Rett Syndrome and access to critical care during the COVID-19 crisis


Since Reverse Rett published this article on 24th March 2020, NICE have made some amendments to the guideline on critical care.

In particular the use of the Clinical Frailty Scale in people with disabilities was updated due in large part to pressure from patient organisations like Reverse Rett and other disability advocates. 

At Reverse Rett, we remain highly concerned about the guideline, even with the amendments.

Here are the key issues:

1. Whilst the guideline now states:

Be aware of the limitations of using the CFS as the sole assessment of frailty. The CFS should not be used in younger people, people with stable long-term disabilities (for example, cerebral palsy), learning disabilities or autism.

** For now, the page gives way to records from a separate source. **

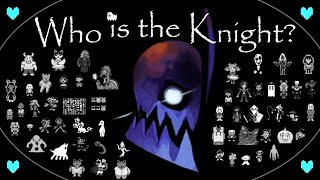 DELTARUNE / Who is the Roaring Knight? / ALL Candidates Analyzed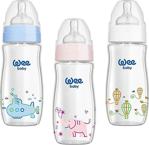 Wee Baby 141 Klasik Plus Isıya Dayanıklı 280 ml Cam Biberon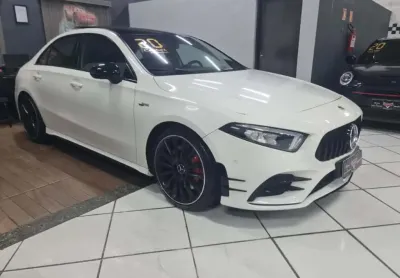 Mercedes-benz a 35 amg 2020 2.0 cgi gasolina sedan 4matic 7g-dct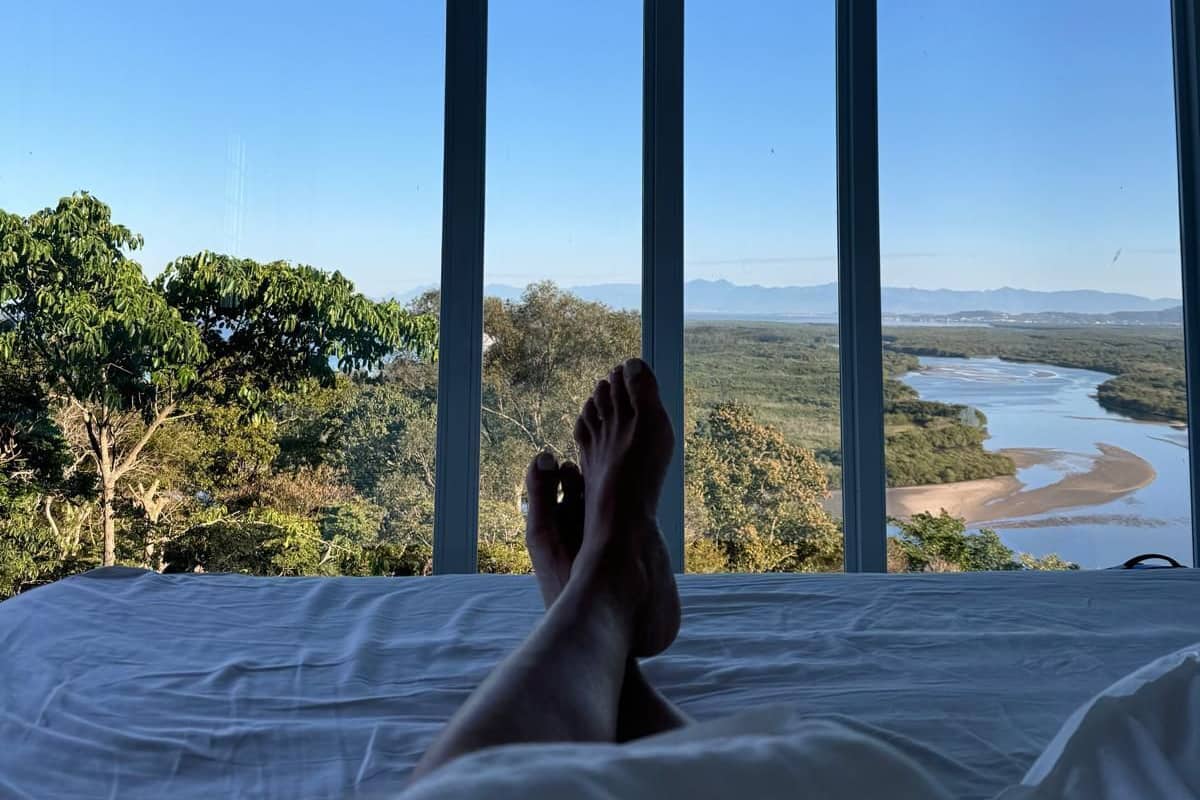 Habitación doble Deluxe, vista al mar | Wifi gratis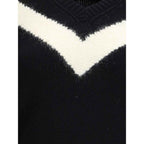 Valentino Wool Sweater with a bow at the back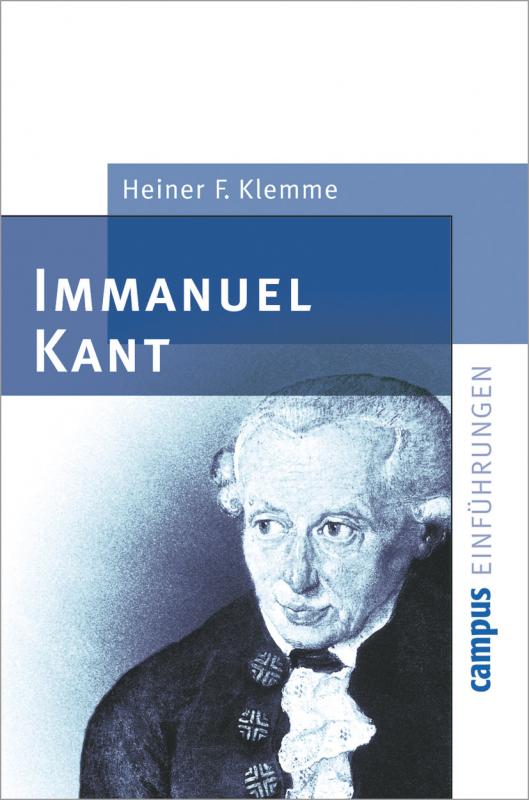 Cover-Bild Immanuel Kant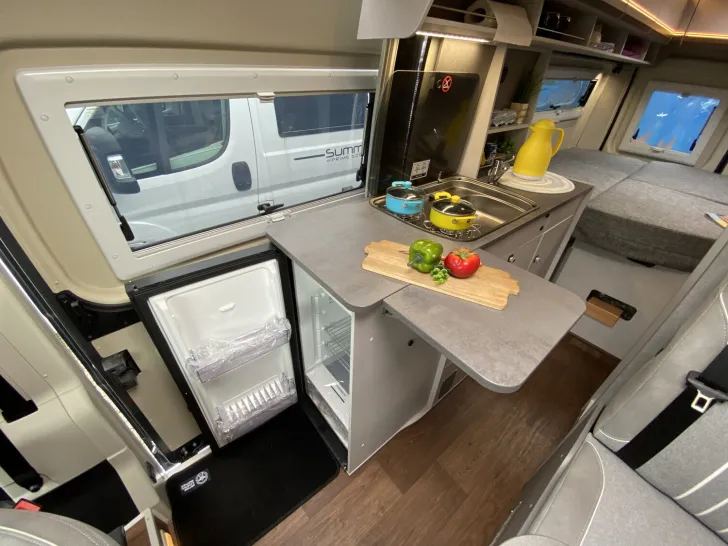 Fahrzeugbild Pössl Summit Shine 600 Citroen 140 PS 2024 #13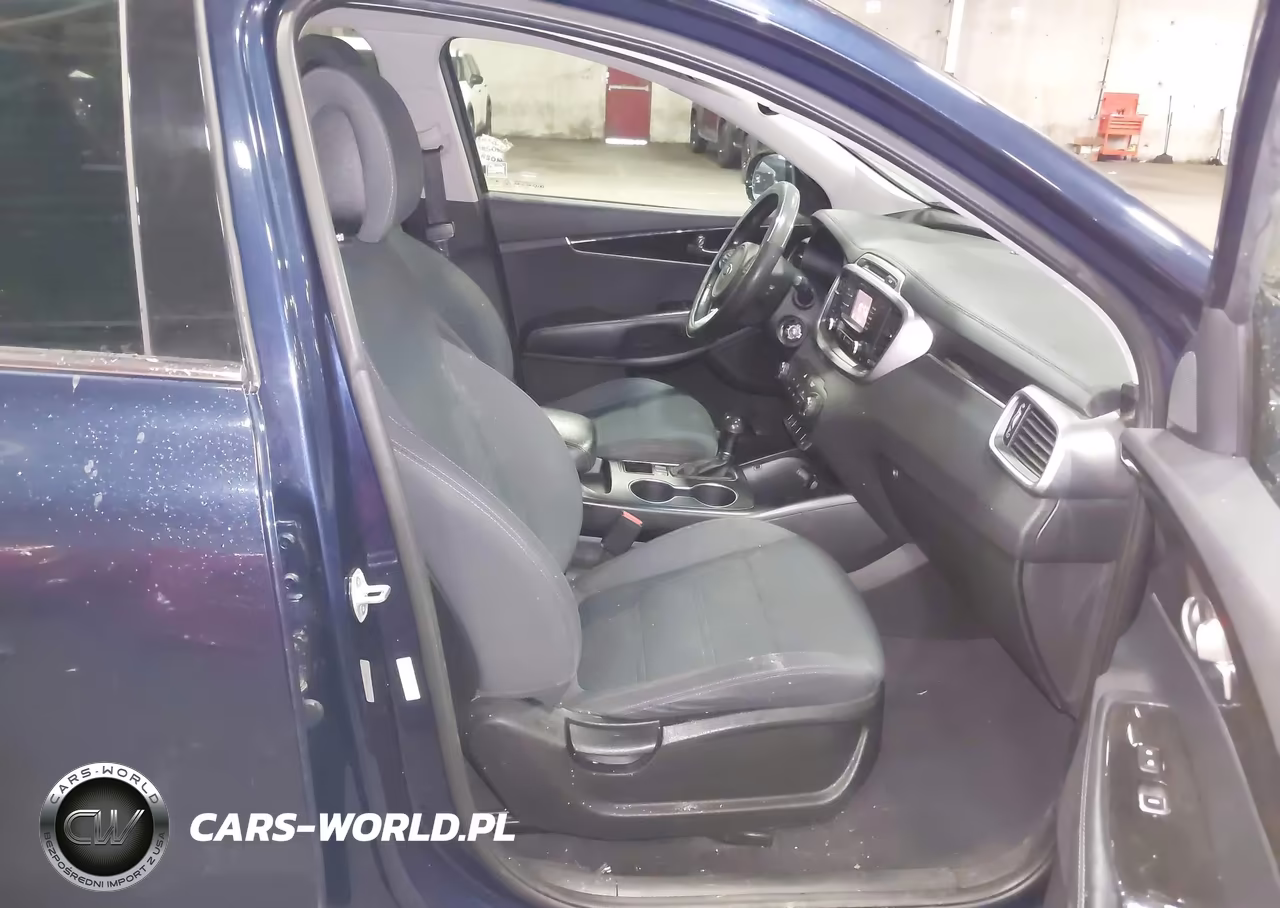 2016 Kia Sorento 2.4L Lx VIN:5XYPG4A36GG063747 - 5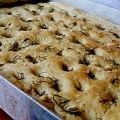 Receita Focaccia Siciliana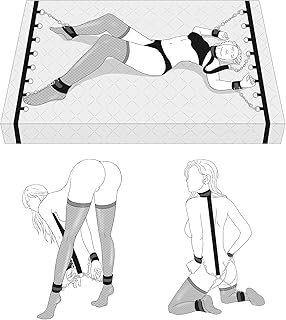 Sex BDSM Bed Restraint Kit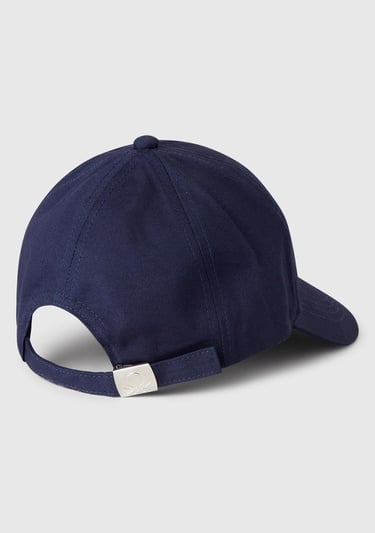  Erkek Çocuk Lacivert Önü Logo Baskılı Kep Şapka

An individualised assessment is recommended in all cases where the CFS is not appropriate.

Rett Syndrome is not likely to be considered a stable long term disability, like autism. 

The guideline still also states ‘consider comorbidities and underlying health conditions in all cases.’ 

This fundamentally places people with Rett syndrome of all ages at a huge disadvantage due to the inherent health problems in Rett syndrome, which exist alongside the learning disability element of the condition.Despite the fact that the SCFN and the guideline states that the CFS shouldn’t be used in groups including people with learning disabilities and autism, we are still worried about how the guideline will be used in highly pressurised situations.

2. There is no mention in the guideline of reasonable adjustments which need to be made, when isolation processes may separate vulnerable adults from their families and carers and when someone does not have either the ability and or the capacity to discuss whether they want critical care.

3. The algorithm still shows that if you are considered to be frail, you will not be able to access critical care.

4. The Specialised Clinical Frailty Network (SCFN) website and literature still states that the CFS can be undertaken by any appropriately trained healthcare professional (doctor, nurse, health care assistant, therapist etc.) which means that judgement of frailty which will drive decisions about critical care can be made by staff without knowledge understanding or expertise in Rett Syndrome or rare diseases at large.

5. There is still no requirement to work with families in decision making about access to critical care.

We believe these remaining issues will lead to situations which contravene UN Convention on the Rights of Persons with Disabilities Article 25 which state that:

States Parties shall:

Provide persons with disabilities with the same range, quality and standard of free or affordable health care and programmes as provided to other persons and prevent discriminatory denial of health care or health services or food and fluids on the basis of disability.

We continue to monitor the situation and push for further, more clear and categorical amendments to the guideline.

We will keep you informed of developments.